- [MATERIALS PROVIDED]
■ ■ ■ ■ ■ ■ ■

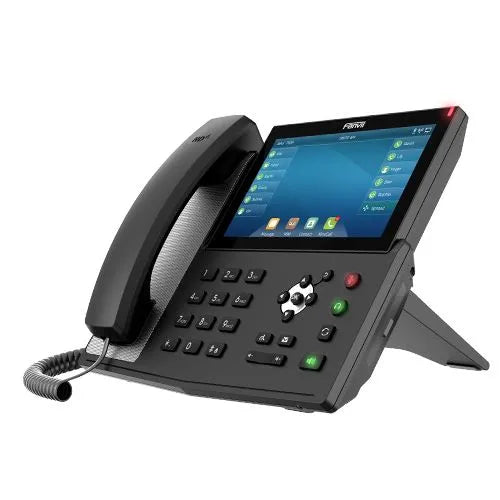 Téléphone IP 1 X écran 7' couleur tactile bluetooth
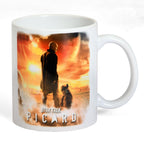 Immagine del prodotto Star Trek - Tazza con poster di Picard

■ ■ ■ ■ ■ ■ ■

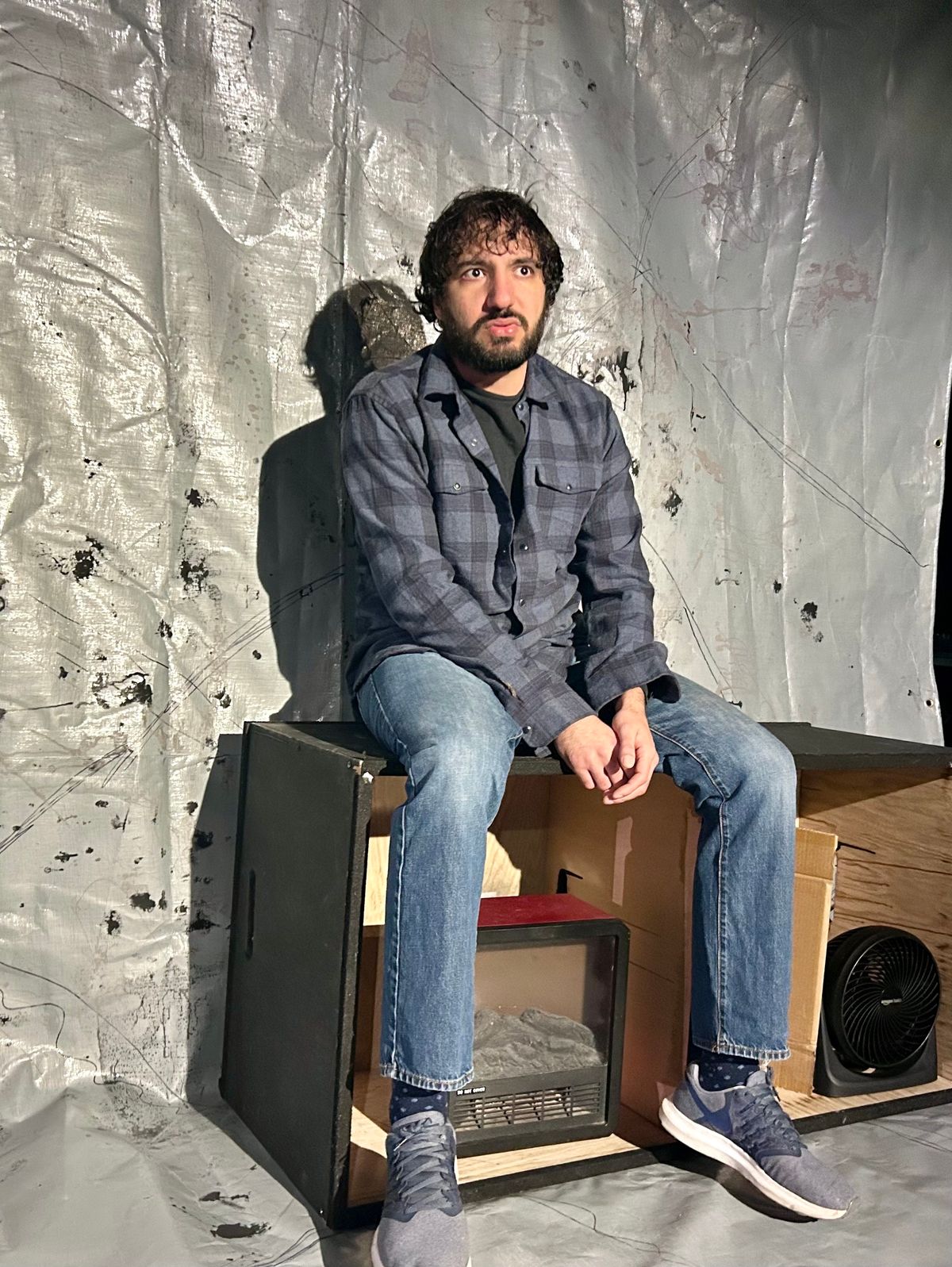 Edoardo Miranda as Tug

■ ■ ■ ■ ■ ■ ■

- [ASSIGNMENT] Pictures are to be left out. Write out only the lines above starting at the one with "Téléphone IP 1" and ending at the one with "Immagine del prodotto", both lines included, exactly.

- [RESULT BELOW]
 Téléphone IP 1 X écran 7' couleur tactile bluetooth
 Immagine del prodotto Star Trek - Tazza con poster di Picard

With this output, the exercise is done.